As I turned to Greek theater, I realized two things. The first was that Euripides would be the best place to start. Besides offering the largest corpus of Greek musical drama, Euripides marks a great transition in ancient theatrical music, incorporating both the choral, strophic rhythms of earlier Greek drama and newer styles that emphasize astrophic monodies. Those astrophic monodies were to become the dominant mode of musical performance by the time of Plautus and Terence. Second, I realized that the best way to grasp musical patterns would be to look for metrical repetition. Euripides, I am finding, often repeats the same meters at different points within a play with important thematic results.
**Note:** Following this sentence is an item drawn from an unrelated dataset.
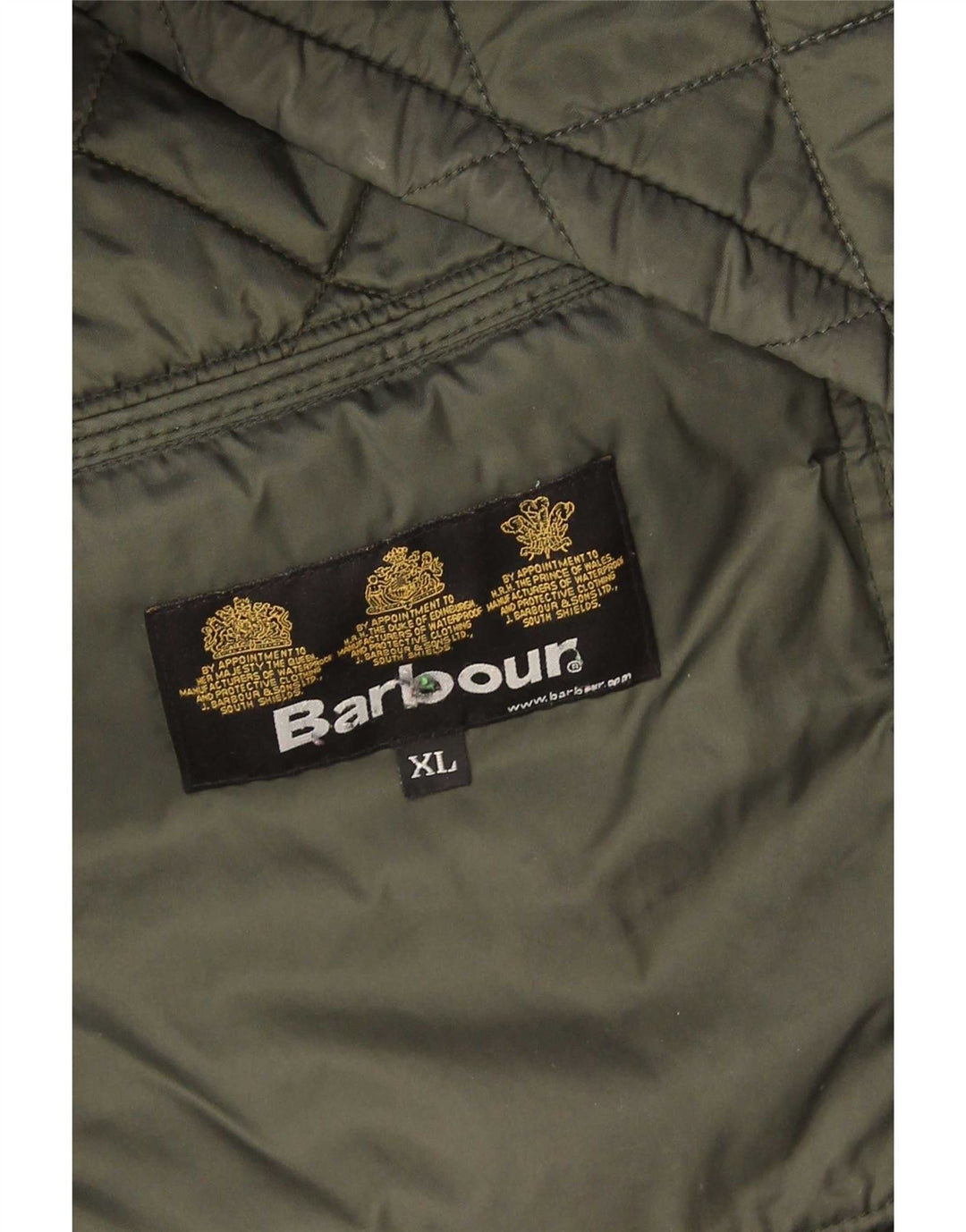 Barbour Herre quiltet jakke UK 42 XL Grøn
I can think of no better place to work on this project than the Center for Hellenic Studies. The Center’s library has an incomparable collection of works both on Euripides and on Greek music and theater, its staff makes so many tasks of research easier, and my fellow researchers (including two others working on Euripides!) promise hours of stimulating conversation.
Timothy J. Moore
Timothy J. Moore is John and Penelope Biggs Distinguished Professor of Classics at Washington University in St. Louis. He received his B.A. from Millersville University and his Ph.D. from the University of North Carolina, and he has taught at Harvard, Texas A&M University, the University of Texas at Austin, the University of Colorado, and the Ruhr Universität in Bochum, Germany. His publications include Artistry and Ideology: Livy’s Vocabulary of Virtue, The Theater of Plautus, Music in Roman Comedy, Roman Theatre, two edited volumes on Greek and Roman comedy, an online database of the meters of Roman Comedy, and articles on Greek and Roman music, theater, and literature, the teaching of Greek and Latin, American Musical Theater, and Japanese comedy. Current projects include a long-range project on musical theater in ancient Greece and Rome. He has received fellowships and grants from the American Academy in Rome, the National Endowment for the Humanities, the Alexander von Humboldt Foundation, the Mellon Foundation, the Loeb Classical Library Foundation, and the Center for the Humanities at Washington University in St. Louis.